You might expect that a judgment debtor's pattern of defrauding landlords could be the reason of a complaint for fraud in a bankruptcy court. I am not a lawyer, and my opinion is if the judgment debtor did not defraud you, you will have a hard time claiming fraud at a bankruptcy court; because you weren't a party to the cause of action, and not defrauded personally by the debtor.
However, if you were their landlord, you may have a potential cause of action for rental fraud, stemming from the original debt under USC 523(a)(2)(b). To win such a motion, you'll need to document proof in the court.
To prevail on your motion under USC 523(a)(2)(b), you'd have to prove that the debtor's fraud was intentional, and that your debtor willfully and knowingly provided you with false information. Your items of evidence might be a rental agreement signed by your debtor, with false statements concerning the debtor's financials.
If the misrepresentations were oral, perhaps you could prove fraud under USC 523(a)(2)(a), however proving this is usually much harder.
The first task in proving fraud at court is investigation. There are several paths available for the creditors with bankrupt debtors. When debtors file for bankruptcy protection, their financial privacy vanishes.

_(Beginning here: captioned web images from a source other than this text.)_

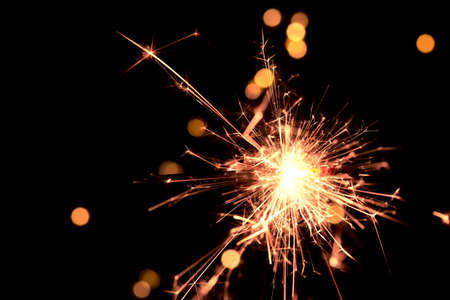 Bright holiday. Bengali fire burning on the background of beautiful bokeh. Concept Happy New Year and christmasの写真素材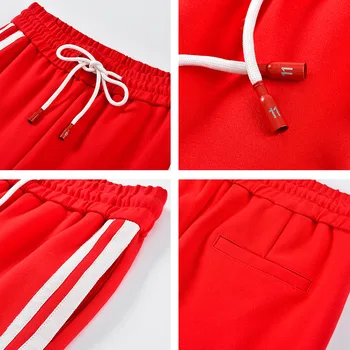 Shangege kvinders sports bukser nye løs harem lady bukser til side stribe elastiske talje gratis forsendelse og dropshipping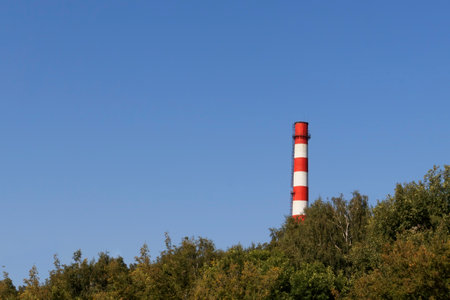 Thermal Station. High red and white tube against the sky, A non-working smoke pipe.の写真素材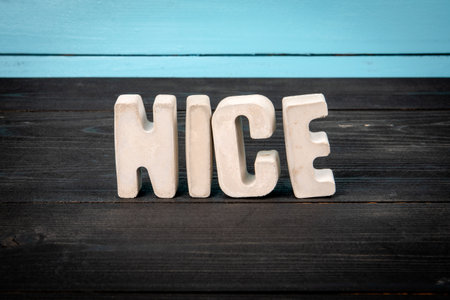 Word NICE in Concrete Letters on Wooden Surface with Blue Backgroundの写真素材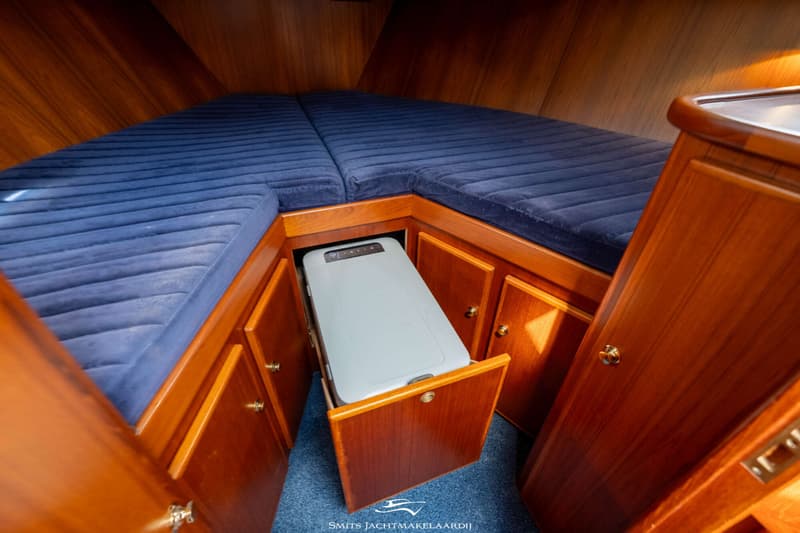Een kajuit met twee blauwe matrassen en een grijze koelbox in een houten kast. — Babro yachting Babro Classic 13.40 AK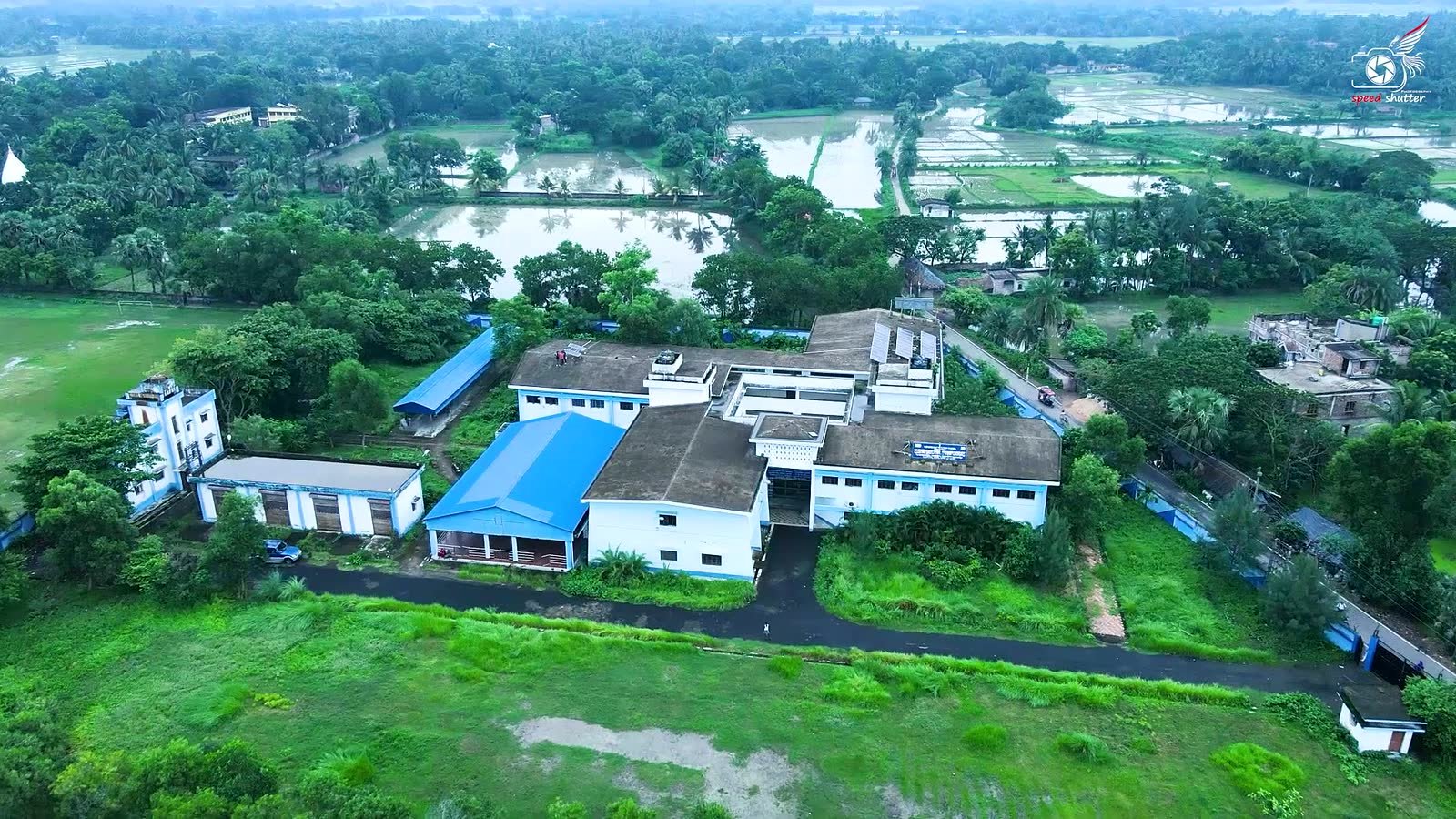 Aerial view of the Government ITI Canning-I campus showing the workshop block with rooftop solar panels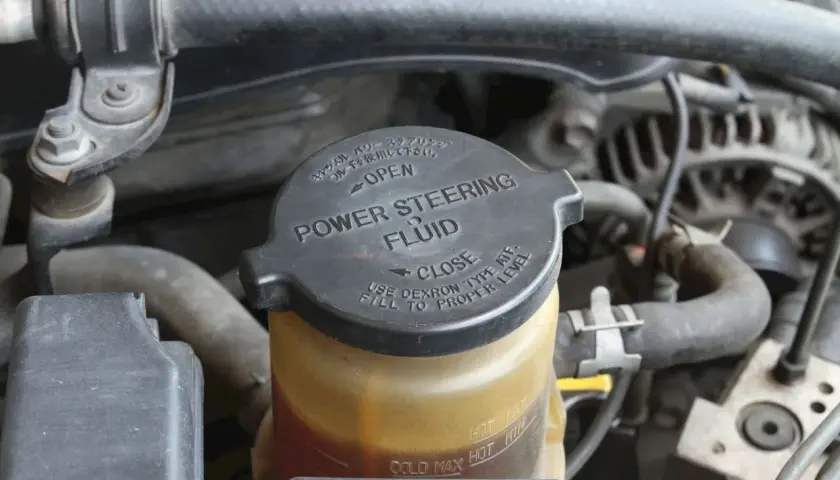 Depósito de líquido de dirección asistida. La tapa negra indica "POWER STEERING FLUID" y las marcas de nivel.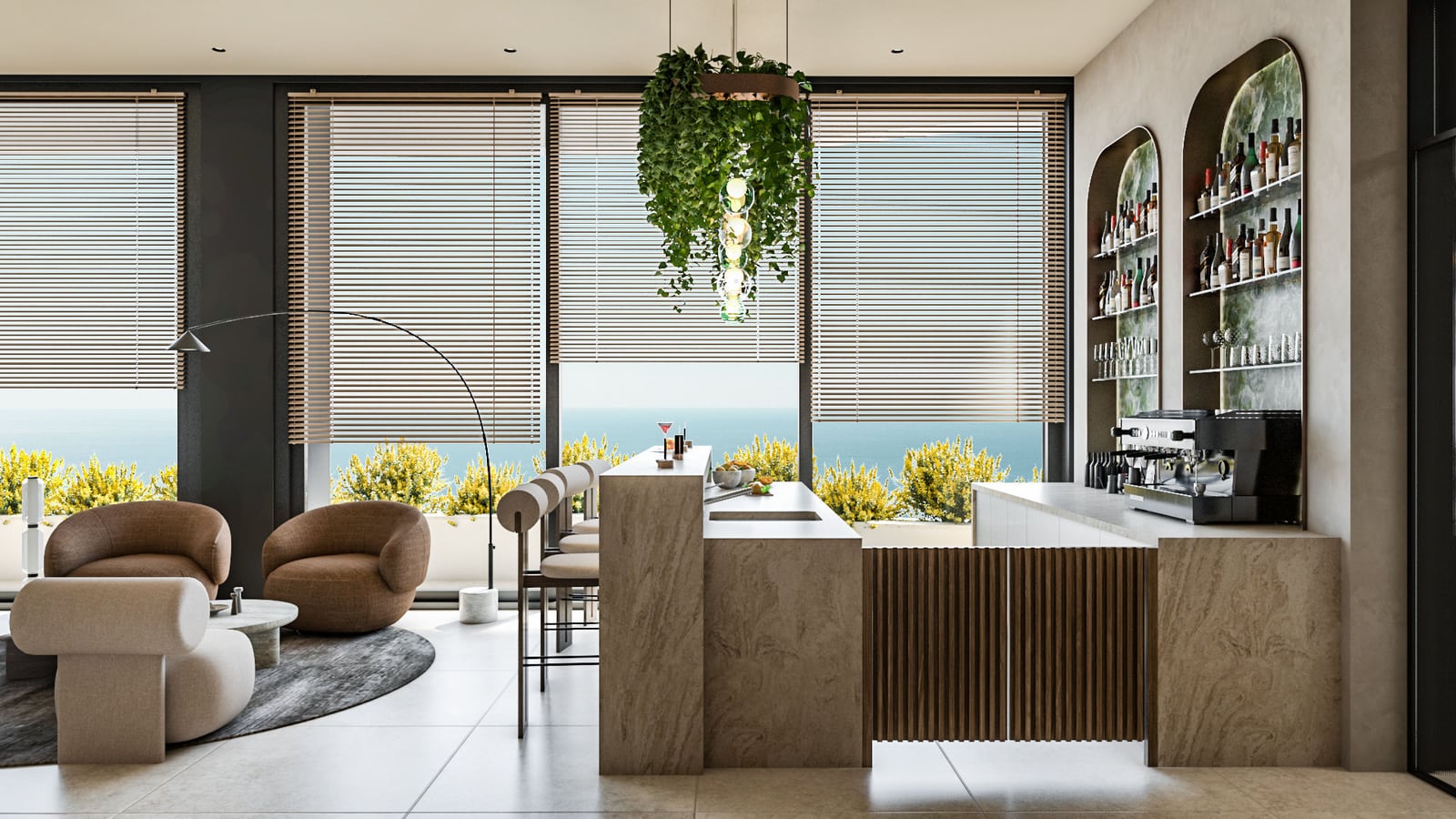 Modern lounge area featuring a bar counter, espresso machine, and armchairs near panoramic ocean-view windows.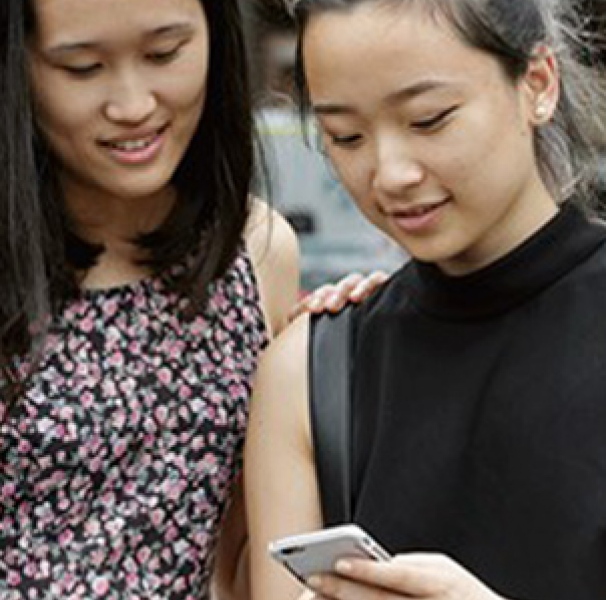 Yound women using a mobile phone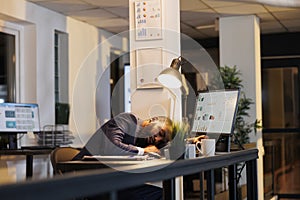 Businessman napping on desk because of overwork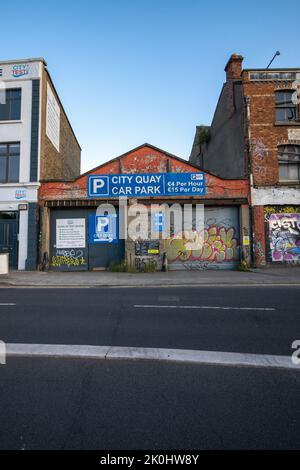 Ein schöner Blick auf ein altes Gebäude mit Graffiti-Kunst und Parkplatz Stockfoto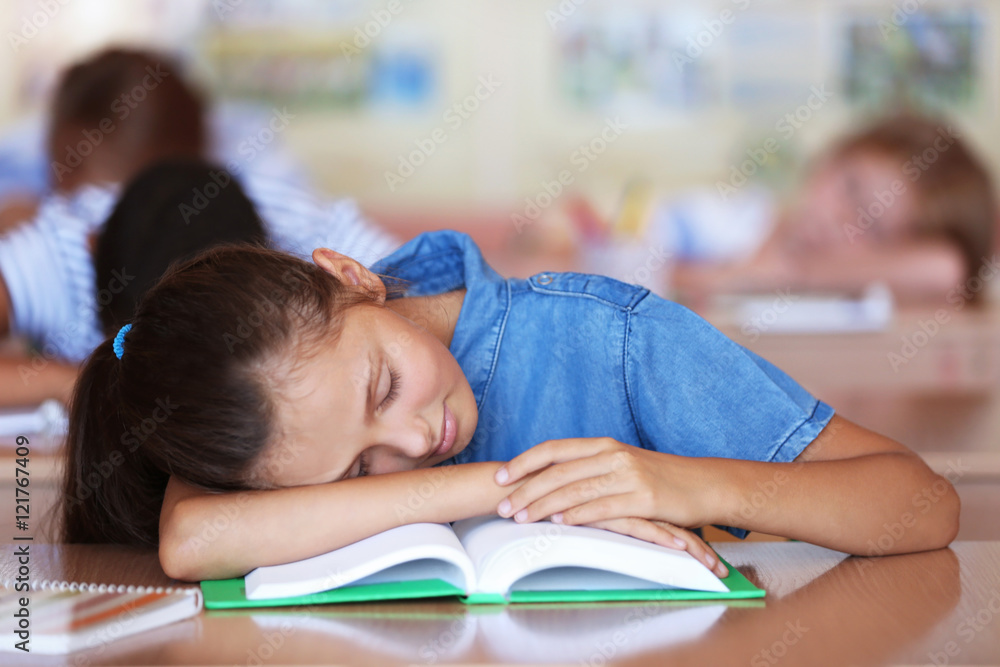 Tired schoolgirl in classroom on lesson Tired schoolgirl in classroom on lesson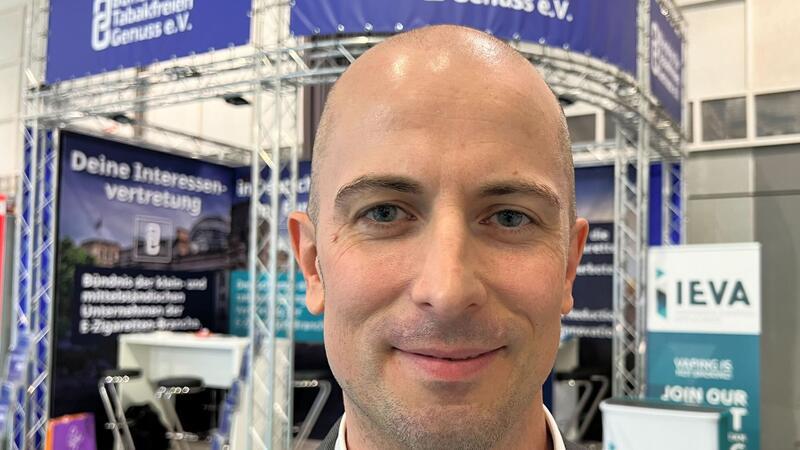 Bundesbürger geben mehr Geld für E-Zigaretten aus Dustin Dahlmann, Vorsitzender des E-Zigaretten-Verbandes „Bündnis für Tabakfreien Genuss“ (BfTG), steht bei der Messe Intertabac 2023 vor einem Stand seiner Organisation.
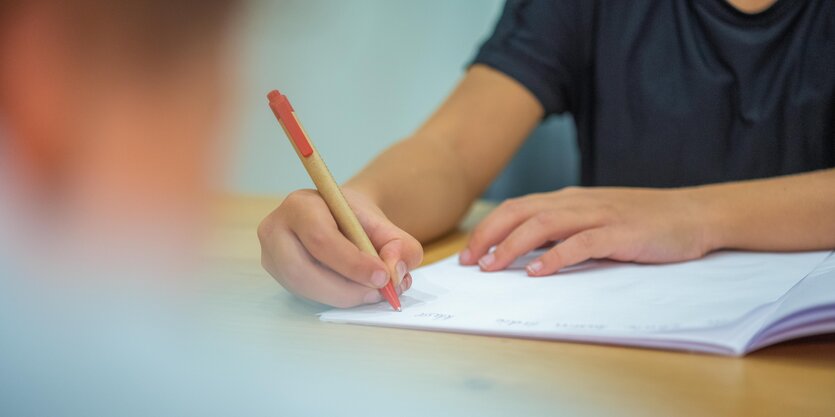 Ein Grundschüler sitzt an einem Tisch und schreibt mit einem Kugelschreiber in sein Heft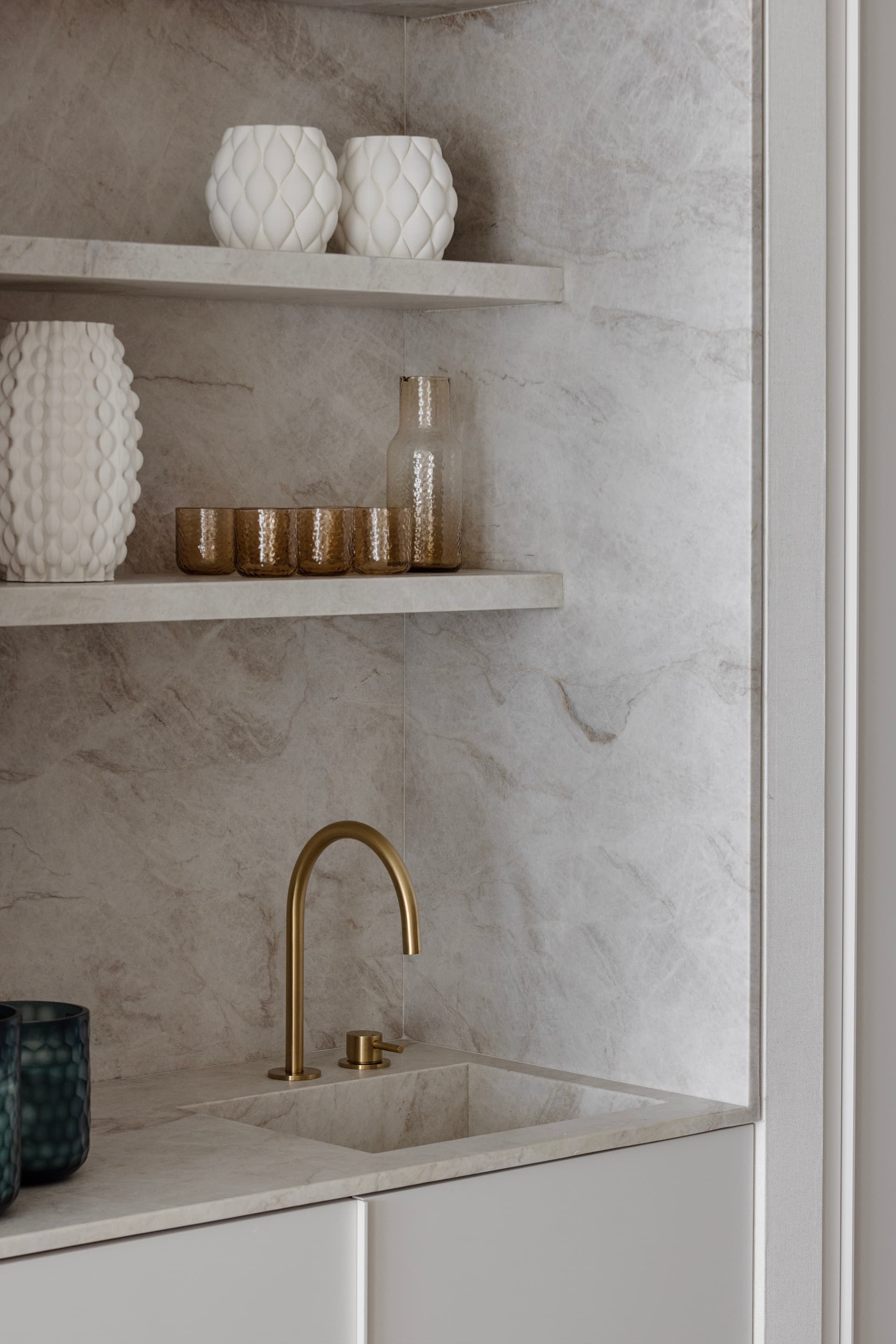 Wet bar with marble shelving and brass tap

The way to win a fraud complaint in bankruptcy court, is ample discovery and hard evidence proving fraud. The start of discovery is to request from the lawyer representing the bankrupt debtor for the debtor's filing information and disclosures, liability and asset statements, and itemized listings of their monthly living expenses.
One way to go, is to request copies of your debtor's tax returns at least two weeks before the first scheduled meeting of the creditors. One could ask for 5 years of state and federal tax returns, or tax returns from a few years before and after their fraud happened.
Depending on the response you get, you might decide to motion the court for a rule 2004 examination of your debtor and possibly some other third parties, perhaps immediately following, or before the first meeting.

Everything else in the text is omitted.